ABN Amro Clearing, a unit of ABN Amro Group with its own banking license in the Netherlands, plans to reduce its custody and brokerage activities as it focuses on the clearing business, Van Maarschalkerweerd said. Custody and brokerage activities for retail clients will be moved to ABN Amro Bank in Breda, the Netherlands, he said.
ABN Amro Clearing, which ranks itself among the world’s three-biggest clearing operations, has lost business to BNP Paribas Fortis, formerly known as Fortis Bank Belgium, resumed its own activities.
“We’ll aim to move the workers it concerns to other jobs,” Van Maarschalkerweerd said. Still, “forced redundancies unfortunately cannot be excluded,” he said, adding that the functions affected are mainly in operations, business development and business support and administration.
The Netherlands bought Fortis’s Dutch banking and insurance units and its stake in ABN Amro Holding NV in 2008 after the company ran out of short-term funding. Following the 30 billion-euro ($39 billion) bailout, Dutch Finance Minister Jan Kees de Jager indicated he plans to sell ABN Amro shares as early as 2014, preferably through a stock-exchange listing.

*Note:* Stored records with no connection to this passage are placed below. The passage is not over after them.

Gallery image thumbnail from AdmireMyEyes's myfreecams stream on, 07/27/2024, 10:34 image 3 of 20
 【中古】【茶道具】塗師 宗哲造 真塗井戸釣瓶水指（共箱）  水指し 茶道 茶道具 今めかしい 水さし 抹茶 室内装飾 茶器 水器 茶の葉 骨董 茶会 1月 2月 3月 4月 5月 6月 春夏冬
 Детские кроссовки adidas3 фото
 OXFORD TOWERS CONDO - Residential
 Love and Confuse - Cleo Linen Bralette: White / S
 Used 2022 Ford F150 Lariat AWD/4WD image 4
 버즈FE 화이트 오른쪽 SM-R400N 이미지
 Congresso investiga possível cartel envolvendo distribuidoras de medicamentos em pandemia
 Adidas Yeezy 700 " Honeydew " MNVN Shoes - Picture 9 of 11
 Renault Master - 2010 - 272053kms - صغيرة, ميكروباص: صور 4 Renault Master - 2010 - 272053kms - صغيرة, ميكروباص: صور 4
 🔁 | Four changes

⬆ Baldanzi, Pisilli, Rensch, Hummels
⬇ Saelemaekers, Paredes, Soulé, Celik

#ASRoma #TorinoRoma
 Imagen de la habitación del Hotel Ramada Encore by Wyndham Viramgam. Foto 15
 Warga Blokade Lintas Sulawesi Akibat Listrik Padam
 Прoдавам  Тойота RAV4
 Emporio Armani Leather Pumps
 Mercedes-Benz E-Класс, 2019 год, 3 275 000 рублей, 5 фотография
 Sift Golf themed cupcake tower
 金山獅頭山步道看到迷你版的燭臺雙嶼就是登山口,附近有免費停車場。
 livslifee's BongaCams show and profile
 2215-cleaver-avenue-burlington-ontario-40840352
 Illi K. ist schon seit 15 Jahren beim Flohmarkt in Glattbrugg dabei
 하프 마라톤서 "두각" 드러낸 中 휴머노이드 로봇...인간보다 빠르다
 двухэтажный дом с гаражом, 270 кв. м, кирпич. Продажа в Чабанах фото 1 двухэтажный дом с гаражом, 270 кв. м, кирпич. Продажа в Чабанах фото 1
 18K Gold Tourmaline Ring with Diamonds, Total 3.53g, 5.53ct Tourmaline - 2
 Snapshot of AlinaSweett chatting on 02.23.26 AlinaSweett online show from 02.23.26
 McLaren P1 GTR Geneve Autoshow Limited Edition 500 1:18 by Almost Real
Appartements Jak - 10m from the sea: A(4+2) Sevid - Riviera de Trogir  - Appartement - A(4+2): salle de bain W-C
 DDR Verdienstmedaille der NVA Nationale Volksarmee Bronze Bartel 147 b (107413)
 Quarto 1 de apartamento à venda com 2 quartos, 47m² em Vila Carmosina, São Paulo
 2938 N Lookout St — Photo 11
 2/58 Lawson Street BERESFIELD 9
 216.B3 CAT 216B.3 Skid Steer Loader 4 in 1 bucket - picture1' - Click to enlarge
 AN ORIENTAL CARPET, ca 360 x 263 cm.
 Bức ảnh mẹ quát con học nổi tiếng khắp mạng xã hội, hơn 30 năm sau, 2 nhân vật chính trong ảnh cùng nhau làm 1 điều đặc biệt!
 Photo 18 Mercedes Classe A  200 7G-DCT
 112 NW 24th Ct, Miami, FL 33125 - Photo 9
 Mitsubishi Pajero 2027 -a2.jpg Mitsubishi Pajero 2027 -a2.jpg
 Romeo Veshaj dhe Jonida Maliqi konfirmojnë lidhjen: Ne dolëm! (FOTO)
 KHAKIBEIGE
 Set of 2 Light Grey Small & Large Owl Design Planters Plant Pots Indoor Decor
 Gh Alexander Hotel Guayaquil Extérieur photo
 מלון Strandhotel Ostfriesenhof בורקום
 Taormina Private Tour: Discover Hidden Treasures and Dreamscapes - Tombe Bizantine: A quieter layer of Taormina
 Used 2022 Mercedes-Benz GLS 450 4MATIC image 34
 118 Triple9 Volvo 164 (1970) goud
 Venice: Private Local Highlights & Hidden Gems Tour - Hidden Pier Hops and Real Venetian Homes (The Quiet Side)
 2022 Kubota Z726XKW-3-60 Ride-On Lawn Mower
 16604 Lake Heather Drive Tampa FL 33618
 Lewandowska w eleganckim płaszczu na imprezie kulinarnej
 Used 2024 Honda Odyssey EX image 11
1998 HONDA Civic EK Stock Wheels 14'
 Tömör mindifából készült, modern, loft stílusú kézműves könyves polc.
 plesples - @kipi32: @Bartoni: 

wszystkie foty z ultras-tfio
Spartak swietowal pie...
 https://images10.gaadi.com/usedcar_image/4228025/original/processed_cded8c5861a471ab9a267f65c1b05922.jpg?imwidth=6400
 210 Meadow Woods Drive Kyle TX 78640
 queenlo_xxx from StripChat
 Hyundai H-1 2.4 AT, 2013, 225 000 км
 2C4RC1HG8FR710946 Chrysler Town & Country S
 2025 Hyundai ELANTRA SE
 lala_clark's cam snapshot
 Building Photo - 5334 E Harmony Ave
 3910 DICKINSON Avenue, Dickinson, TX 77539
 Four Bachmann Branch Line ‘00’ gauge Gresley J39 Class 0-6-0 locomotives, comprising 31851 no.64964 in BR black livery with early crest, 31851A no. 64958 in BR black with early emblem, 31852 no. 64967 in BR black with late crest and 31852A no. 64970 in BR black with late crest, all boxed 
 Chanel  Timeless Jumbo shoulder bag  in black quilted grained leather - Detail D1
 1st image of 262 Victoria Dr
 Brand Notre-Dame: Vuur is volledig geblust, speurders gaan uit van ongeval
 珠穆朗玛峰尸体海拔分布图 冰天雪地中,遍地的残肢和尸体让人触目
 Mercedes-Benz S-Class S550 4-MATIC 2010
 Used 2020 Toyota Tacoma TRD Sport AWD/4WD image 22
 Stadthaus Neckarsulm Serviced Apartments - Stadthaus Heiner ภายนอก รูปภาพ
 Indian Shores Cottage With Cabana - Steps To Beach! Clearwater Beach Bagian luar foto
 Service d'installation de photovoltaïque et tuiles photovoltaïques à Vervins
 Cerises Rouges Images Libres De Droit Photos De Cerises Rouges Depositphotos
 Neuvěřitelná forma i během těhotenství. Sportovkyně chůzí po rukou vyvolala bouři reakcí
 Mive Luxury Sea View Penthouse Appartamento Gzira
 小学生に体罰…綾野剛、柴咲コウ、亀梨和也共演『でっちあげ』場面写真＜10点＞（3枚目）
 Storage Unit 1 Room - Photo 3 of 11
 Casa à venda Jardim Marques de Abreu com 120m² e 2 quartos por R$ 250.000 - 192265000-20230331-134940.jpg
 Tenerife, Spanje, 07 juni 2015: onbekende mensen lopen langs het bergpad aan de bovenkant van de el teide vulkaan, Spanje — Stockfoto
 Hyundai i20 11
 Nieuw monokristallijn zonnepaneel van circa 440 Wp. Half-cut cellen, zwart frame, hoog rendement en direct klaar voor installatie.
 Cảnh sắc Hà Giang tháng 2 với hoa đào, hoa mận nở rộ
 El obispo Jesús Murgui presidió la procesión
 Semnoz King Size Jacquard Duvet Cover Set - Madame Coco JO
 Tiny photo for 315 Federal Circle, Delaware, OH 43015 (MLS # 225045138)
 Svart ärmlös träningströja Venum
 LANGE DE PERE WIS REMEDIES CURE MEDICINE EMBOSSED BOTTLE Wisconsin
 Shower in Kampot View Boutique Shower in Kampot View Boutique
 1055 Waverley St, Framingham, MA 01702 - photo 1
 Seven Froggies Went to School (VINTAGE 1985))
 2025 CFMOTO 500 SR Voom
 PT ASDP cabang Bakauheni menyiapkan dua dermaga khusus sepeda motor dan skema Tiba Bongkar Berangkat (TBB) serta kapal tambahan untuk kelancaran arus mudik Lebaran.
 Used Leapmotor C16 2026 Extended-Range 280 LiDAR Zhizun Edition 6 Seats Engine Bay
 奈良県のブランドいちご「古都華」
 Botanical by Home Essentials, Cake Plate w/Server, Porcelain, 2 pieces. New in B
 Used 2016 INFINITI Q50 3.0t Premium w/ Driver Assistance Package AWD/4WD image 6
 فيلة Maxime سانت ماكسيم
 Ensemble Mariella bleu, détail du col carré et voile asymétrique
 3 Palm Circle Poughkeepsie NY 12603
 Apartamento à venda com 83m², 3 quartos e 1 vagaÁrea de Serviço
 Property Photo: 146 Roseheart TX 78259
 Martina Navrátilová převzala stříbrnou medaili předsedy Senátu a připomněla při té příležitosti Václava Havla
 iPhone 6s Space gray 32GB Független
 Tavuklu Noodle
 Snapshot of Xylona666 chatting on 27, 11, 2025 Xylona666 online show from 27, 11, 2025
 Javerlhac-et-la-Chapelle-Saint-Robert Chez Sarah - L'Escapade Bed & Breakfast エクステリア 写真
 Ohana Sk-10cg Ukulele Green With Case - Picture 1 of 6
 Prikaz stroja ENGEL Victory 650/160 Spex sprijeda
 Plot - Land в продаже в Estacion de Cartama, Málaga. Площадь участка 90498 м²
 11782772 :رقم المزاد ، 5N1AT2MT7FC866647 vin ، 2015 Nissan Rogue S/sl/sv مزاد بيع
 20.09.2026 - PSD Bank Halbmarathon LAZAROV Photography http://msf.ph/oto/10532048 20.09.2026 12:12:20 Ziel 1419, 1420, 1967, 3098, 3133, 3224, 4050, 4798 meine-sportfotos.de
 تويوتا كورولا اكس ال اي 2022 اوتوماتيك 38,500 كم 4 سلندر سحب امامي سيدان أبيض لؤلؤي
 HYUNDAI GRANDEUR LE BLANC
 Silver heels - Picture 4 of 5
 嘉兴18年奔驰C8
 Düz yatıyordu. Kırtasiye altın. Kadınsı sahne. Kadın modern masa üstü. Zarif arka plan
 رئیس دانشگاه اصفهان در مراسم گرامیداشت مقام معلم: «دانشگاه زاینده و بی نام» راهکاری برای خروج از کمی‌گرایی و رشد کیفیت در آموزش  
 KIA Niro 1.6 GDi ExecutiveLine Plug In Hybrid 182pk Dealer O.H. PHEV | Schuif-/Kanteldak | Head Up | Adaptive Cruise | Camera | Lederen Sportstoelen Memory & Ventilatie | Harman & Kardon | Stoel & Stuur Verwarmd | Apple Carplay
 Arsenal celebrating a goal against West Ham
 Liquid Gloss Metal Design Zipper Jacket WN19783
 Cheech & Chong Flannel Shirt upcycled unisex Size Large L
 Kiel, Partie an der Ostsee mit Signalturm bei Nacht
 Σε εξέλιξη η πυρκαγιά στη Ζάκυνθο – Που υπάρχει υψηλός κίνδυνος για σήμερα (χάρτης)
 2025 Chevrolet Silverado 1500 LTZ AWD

Royal Bank of Scotland Group Plc, Spain’s Banco Santander SA and Fortis bought ABN Amro in 2007 for about 72 billion euros in the world’s biggest banking takeover. In addition to the downfall of Fortis, RBS needed a 45.5 billion-pound ($71.3 billion) taxpayer rescue as the acquisition saddled it with bad debt and depleted its cash reserves.
The firm in August said it plans to trim 2,350 jobs in the next four years, partly offset by the creation of 450 new positions. The reductions follow an earlier program of 6,000 cuts aimed at eliminating overlaps between the former Fortis and ABN. The potential job losses at ABN Amro Clearing are separate from the 2,350, Van Maarschalkerweerd said.
ABN Amro Chairman Gerrit Zalm in August stepped up the lender’s cost-control targets as the first phase of integration nears its end by 2012. The lender aims for a cost-to-income ratio, or costs as a proportion of revenue, of below 60 percent by 2014. That compares with 63 percent in the first nine months of 2011.
ABN’s overall workforce fell to 24,947 at the end of September from 30,200 in 2009.